> **What you need to do**: An exact copy of the lines from the one containing "image_860CCD18-79DD-468F-8C9E-5E1BC212A49D_1758863111" through the last line below is required; include both of those lines and no others.
[Study material — start]
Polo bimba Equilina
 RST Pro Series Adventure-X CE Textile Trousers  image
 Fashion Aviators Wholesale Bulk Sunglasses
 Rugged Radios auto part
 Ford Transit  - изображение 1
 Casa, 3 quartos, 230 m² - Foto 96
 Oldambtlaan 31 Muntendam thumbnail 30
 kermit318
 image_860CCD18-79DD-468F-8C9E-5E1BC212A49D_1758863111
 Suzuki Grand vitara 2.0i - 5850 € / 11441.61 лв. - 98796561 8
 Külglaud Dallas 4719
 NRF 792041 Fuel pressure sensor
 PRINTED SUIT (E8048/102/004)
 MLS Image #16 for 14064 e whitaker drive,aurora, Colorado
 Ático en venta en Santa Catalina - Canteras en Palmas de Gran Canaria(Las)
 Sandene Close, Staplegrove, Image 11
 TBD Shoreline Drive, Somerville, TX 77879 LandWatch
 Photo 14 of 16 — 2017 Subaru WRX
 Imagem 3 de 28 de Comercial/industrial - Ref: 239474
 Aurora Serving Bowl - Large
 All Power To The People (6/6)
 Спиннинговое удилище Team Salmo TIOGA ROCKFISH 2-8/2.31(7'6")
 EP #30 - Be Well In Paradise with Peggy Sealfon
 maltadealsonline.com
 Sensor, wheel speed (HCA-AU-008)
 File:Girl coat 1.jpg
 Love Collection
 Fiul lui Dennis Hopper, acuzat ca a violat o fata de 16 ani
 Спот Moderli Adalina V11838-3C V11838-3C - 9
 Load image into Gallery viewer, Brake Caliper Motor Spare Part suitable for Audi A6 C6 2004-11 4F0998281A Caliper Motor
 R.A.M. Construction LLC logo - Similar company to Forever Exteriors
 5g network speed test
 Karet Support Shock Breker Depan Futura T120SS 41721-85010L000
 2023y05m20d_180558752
[Study material — finish]
> **Reply to the task**:
 image_860CCD18-79DD-468F-8C9E-5E1BC212A49D_1758863111
 Suzuki Grand vitara 2.0i - 5850 € / 11441.61 лв. - 98796561 8
 Külglaud Dallas 4719
 NRF 792041 Fuel pressure sensor
 PRINTED SUIT (E8048/102/004)
 MLS Image #16 for 14064 e whitaker drive,aurora, Colorado
 Ático en venta en Santa Catalina - Canteras en Palmas de Gran Canaria(Las)
 Sandene Close, Staplegrove, Image 11
 TBD Shoreline Drive, Somerville, TX 77879 LandWatch
 Photo 14 of 16 — 2017 Subaru WRX
 Imagem 3 de 28 de Comercial/industrial - Ref: 239474
 Aurora Serving Bowl - Large
 All Power To The People (6/6)
 Спиннинговое удилище Team Salmo TIOGA ROCKFISH 2-8/2.31(7'6")
 EP #30 - Be Well In Paradise with Peggy Sealfon
 maltadealsonline.com
 Sensor, wheel speed (HCA-AU-008)
 File:Girl coat 1.jpg
 Love Collection
 Fiul lui Dennis Hopper, acuzat ca a violat o fata de 16 ani
 Спот Moderli Adalina V11838-3C V11838-3C - 9
 Load image into Gallery viewer, Brake Caliper Motor Spare Part suitable for Audi A6 C6 2004-11 4F0998281A Caliper Motor
 R.A.M. Construction LLC logo - Similar company to Forever Exteriors
 5g network speed test
 Karet Support Shock Breker Depan Futura T120SS 41721-85010L000
 2023y05m20d_180558752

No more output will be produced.